# WORK INSTRUCTIONS
Copy out the full listing that comes next, exactly.

# DATA FOR ANALYSIS

* * * * *

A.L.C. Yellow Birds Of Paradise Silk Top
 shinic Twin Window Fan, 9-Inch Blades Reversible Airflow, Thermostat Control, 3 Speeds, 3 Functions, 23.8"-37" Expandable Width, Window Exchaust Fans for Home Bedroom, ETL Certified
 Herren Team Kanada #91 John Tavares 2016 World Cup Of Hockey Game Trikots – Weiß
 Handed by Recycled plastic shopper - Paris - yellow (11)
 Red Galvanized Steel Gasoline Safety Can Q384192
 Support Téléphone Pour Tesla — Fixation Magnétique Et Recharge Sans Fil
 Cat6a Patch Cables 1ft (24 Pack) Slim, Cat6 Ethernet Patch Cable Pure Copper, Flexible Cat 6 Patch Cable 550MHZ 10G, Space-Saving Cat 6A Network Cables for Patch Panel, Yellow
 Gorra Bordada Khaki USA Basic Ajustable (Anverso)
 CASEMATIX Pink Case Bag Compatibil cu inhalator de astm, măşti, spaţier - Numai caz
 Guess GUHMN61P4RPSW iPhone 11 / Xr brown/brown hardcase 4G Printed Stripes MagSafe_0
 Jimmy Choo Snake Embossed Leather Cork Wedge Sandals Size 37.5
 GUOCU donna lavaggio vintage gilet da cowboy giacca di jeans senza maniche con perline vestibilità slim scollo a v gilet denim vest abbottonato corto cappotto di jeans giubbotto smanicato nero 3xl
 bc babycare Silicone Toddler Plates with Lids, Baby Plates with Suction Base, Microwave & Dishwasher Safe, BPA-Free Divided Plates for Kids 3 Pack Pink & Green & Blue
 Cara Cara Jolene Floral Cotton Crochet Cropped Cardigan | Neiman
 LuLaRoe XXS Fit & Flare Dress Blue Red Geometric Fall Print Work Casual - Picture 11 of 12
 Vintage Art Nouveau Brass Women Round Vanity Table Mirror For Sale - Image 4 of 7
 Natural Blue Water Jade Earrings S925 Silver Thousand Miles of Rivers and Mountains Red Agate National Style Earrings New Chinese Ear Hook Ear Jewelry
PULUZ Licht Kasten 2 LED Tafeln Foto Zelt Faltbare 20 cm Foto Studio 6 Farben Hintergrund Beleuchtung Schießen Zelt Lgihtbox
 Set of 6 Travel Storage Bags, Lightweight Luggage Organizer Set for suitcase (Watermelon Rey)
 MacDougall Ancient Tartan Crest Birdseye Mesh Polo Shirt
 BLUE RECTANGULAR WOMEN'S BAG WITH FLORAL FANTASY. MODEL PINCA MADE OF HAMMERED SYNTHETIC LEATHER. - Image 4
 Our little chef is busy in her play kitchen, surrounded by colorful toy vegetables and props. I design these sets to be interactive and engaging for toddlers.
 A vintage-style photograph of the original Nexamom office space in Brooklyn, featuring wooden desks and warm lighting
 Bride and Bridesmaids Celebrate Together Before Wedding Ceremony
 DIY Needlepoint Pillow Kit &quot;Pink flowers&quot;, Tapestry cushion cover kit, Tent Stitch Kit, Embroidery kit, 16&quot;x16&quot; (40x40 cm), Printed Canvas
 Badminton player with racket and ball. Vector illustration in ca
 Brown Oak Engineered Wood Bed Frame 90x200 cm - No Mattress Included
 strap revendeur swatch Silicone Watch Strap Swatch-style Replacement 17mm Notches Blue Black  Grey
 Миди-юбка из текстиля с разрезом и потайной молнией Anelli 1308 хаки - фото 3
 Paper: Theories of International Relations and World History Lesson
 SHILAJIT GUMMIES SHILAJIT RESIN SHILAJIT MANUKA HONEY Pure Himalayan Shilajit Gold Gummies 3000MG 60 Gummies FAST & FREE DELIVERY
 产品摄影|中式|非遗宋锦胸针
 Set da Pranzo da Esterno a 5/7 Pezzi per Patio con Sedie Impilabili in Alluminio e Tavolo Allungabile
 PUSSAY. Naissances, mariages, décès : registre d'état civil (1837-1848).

* * * * *

# SOLUTION TO THIS EXERCISE
A.L.C. Yellow Birds Of Paradise Silk Top
 shinic Twin Window Fan, 9-Inch Blades Reversible Airflow, Thermostat Control, 3 Speeds, 3 Functions, 23.8"-37" Expandable Width, Window Exchaust Fans for Home Bedroom, ETL Certified
 Herren Team Kanada #91 John Tavares 2016 World Cup Of Hockey Game Trikots – Weiß
 Handed by Recycled plastic shopper - Paris - yellow (11)
 Red Galvanized Steel Gasoline Safety Can Q384192
 Support Téléphone Pour Tesla — Fixation Magnétique Et Recharge Sans Fil
 Cat6a Patch Cables 1ft (24 Pack) Slim, Cat6 Ethernet Patch Cable Pure Copper, Flexible Cat 6 Patch Cable 550MHZ 10G, Space-Saving Cat 6A Network Cables for Patch Panel, Yellow
 Gorra Bordada Khaki USA Basic Ajustable (Anverso)
 CASEMATIX Pink Case Bag Compatibil cu inhalator de astm, măşti, spaţier - Numai caz
 Guess GUHMN61P4RPSW iPhone 11 / Xr brown/brown hardcase 4G Printed Stripes MagSafe_0
 Jimmy Choo Snake Embossed Leather Cork Wedge Sandals Size 37.5
 GUOCU donna lavaggio vintage gilet da cowboy giacca di jeans senza maniche con perline vestibilità slim scollo a v gilet denim vest abbottonato corto cappotto di jeans giubbotto smanicato nero 3xl
 bc babycare Silicone Toddler Plates with Lids, Baby Plates with Suction Base, Microwave & Dishwasher Safe, BPA-Free Divided Plates for Kids 3 Pack Pink & Green & Blue
 Cara Cara Jolene Floral Cotton Crochet Cropped Cardigan | Neiman
 LuLaRoe XXS Fit & Flare Dress Blue Red Geometric Fall Print Work Casual - Picture 11 of 12
 Vintage Art Nouveau Brass Women Round Vanity Table Mirror For Sale - Image 4 of 7
 Natural Blue Water Jade Earrings S925 Silver Thousand Miles of Rivers and Mountains Red Agate National Style Earrings New Chinese Ear Hook Ear Jewelry
PULUZ Licht Kasten 2 LED Tafeln Foto Zelt Faltbare 20 cm Foto Studio 6 Farben Hintergrund Beleuchtung Schießen Zelt Lgihtbox
 Set of 6 Travel Storage Bags, Lightweight Luggage Organizer Set for suitcase (Watermelon Rey)
 MacDougall Ancient Tartan Crest Birdseye Mesh Polo Shirt
 BLUE RECTANGULAR WOMEN'S BAG WITH FLORAL FANTASY. MODEL PINCA MADE OF HAMMERED SYNTHETIC LEATHER. - Image 4
 Our little chef is busy in her play kitchen, surrounded by colorful toy vegetables and props. I design these sets to be interactive and engaging for toddlers.
 A vintage-style photograph of the original Nexamom office space in Brooklyn, featuring wooden desks and warm lighting
 Bride and Bridesmaids Celebrate Together Before Wedding Ceremony
 DIY Needlepoint Pillow Kit &quot;Pink flowers&quot;, Tapestry cushion cover kit, Tent Stitch Kit, Embroidery kit, 16&quot;x16&quot; (40x40 cm), Printed Canvas
 Badminton player with racket and ball. Vector illustration in ca
 Brown Oak Engineered Wood Bed Frame 90x200 cm - No Mattress Included
 strap revendeur swatch Silicone Watch Strap Swatch-style Replacement 17mm Notches Blue Black  Grey
 Миди-юбка из текстиля с разрезом и потайной молнией Anelli 1308 хаки - фото 3
 Paper: Theories of International Relations and World History Lesson
 SHILAJIT GUMMIES SHILAJIT RESIN SHILAJIT MANUKA HONEY Pure Himalayan Shilajit Gold Gummies 3000MG 60 Gummies FAST & FREE DELIVERY
 产品摄影|中式|非遗宋锦胸针
 Set da Pranzo da Esterno a 5/7 Pezzi per Patio con Sedie Impilabili in Alluminio e Tavolo Allungabile
 PUSSAY. Naissances, mariages, décès : registre d'état civil (1837-1848).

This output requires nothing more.